Monde / Économie

La Thaïlande explose le tourisme mondial (et son écosystème)

Temps de lecture : 2 min

Le tourisme fait la fortune du pays en même temps qu'il en dévaste la faune et la flore.

Une touriste en canoé photographie des fleurs de lotus à travers le parc national de Khao Sam Roi Yot, au sud de la Thaïlande, le 5 mai 2017 | Roberto Schmidt / AFP
Une touriste en canoé photographie des fleurs de lotus à travers le parc national de Khao Sam Roi Yot, au sud de la Thaïlande, le 5 mai 2017 | Roberto Schmidt / AFP

Destination prisée par les voyageurs en quête d'exotisme, le royaume de Thaïlande est la quatrième destination touristique la plus rentable au monde. Bien loin devant les autres pays d'Asie, elle a généré l'année dernière pas moins de 57 milliards de dollars (soit 49 milliards d'euros) de recettes touristiques internationales.

Derrière elle, Macao (36 milliards de dollars), le Japon (34 milliards), Hong Kong et la Chine (toutes deux à 33 milliards) peinent à rivaliser sur le continent. Devant, à l'échelle mondiale, seulement la France (61 milliards), l'Espagne (68 milliards) et les États-Unis, qui caracolent bien loin devant, avec 211 milliards de dollars.

D'ici l'année prochaine, le nombre de touristes en goguette pourrait bien atteindre les 40 millions, soit plus de la moitié de la population du pays.

Une offre en expansion continue

Depuis trois ans, Bangkok tient la première place de l'index mondial des villes de destination publié par Mastercard: ville la plus visitée, elle est aussi celle où les touristes déboursent en moyenne 173$ (soit 150€) par jour, et où l'on attend encore une hausse de 14% d'ici la fin de l'année.

«En Thaïlande, il y en a pour tous les goûts. De l’île privée avec villa privée à la bouffe de rue incroyable qui ne coûte que quelques dollars, il y a la diversité et la variété qui n'existent que dans peu d'autres marchés. Il n’est pas surprenant que beaucoup de gens y partent, et y dépensent de l'argent», raconte Rebecca Mazzaro, la manageuse d'une agence de voyages en Asie.

C'est que la ville multiplie les efforts pour être toujours plus attractive et faire tourner le tourisme: de grands complexes hôteliers comme le Four Seasons, Rosewood, Mandarin Oriental et Waldorf Astoria sont attendus, de même que le monumental Icon Siam, ensemble de deux gratte-ciel encore en construction qui devrait accueillir d'ici novembre un restaurant du chef étoilé Alain Ducasse.

«Nous constatons l’agrandissement de Bangkok depuis quelques années, déclare de son côté Dino Michael, le responsable de la chaîne hôtelière Waldorf Astoria Hotels & Resorts.

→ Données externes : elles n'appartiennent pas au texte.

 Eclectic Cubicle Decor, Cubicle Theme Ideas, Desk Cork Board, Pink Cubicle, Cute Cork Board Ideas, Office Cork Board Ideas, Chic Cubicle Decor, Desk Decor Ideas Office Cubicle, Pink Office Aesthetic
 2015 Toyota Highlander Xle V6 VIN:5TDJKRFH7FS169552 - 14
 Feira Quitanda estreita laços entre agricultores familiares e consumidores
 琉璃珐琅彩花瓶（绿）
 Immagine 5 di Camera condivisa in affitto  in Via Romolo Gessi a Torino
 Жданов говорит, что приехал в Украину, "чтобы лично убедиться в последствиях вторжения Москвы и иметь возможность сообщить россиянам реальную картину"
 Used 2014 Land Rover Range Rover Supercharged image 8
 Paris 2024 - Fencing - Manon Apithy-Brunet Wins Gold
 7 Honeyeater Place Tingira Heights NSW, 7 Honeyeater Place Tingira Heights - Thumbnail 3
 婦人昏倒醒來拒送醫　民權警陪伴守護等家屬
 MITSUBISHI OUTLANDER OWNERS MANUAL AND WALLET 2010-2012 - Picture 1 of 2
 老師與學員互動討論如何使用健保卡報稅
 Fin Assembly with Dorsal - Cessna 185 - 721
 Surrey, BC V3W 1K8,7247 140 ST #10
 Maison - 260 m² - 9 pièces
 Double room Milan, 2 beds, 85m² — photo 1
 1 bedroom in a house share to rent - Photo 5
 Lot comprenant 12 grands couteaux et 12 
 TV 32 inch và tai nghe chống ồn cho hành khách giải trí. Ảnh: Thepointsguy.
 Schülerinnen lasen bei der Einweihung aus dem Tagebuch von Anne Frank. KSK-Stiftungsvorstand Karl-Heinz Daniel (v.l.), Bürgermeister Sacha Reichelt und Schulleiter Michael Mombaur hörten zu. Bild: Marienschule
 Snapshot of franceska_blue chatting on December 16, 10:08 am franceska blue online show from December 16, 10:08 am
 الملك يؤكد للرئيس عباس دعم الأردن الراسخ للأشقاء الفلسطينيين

Le consommateur est devenu plus sophistiqué, et la scène de la restauration est devenue plus sophistiquée.» Pour lui, la ville fait figure de vitrine: «C’est une renommée mondiale et un point de départ incontournable».

Le revers de la médaille

Mais ce tourisme effréné n'est pas sans conséquences sur l'écologie. Les îles et les plages du pays sont les premières à en essuyer les plâtres: en février, la renommée baie de Maya avait dû annoncer la fermeture de son accès aux bateaux pendant quatre mois, le temps de régénérer son écosystème, et notamment ses récifs coralliens, fortement affectés par les déchets rejetés dans la mer et les allées et venues des bateaux. Début octobre, les autorités ont déclaré qu'elle resterait fermée, les dommages étant trop conséquents. À cela font écho les autres îles de Koh Khai et Koh Tachai, qui ont subi un sort similaire.

À Phuket, c'est la population de tortues qui a fortement diminué, conséquence de la pollution des plages. Face aux monceaux de déchets qui n'ont de cesse de s'accumuler, 70 hôteliers se sont regroupés afin de mettre en place des mesures pour limiter les dégâts, et l'utilisation de plastique sur l'île.

Dans le nord de la Thaïlande, c'est la faune qui patît de la situation, tigres et éléphants premiers en ligne de mire: les animaux sont maltraités et font parfois l'objet de trafics pour constituer des attractions touristiques.

Reste que tout cela est bien rentable.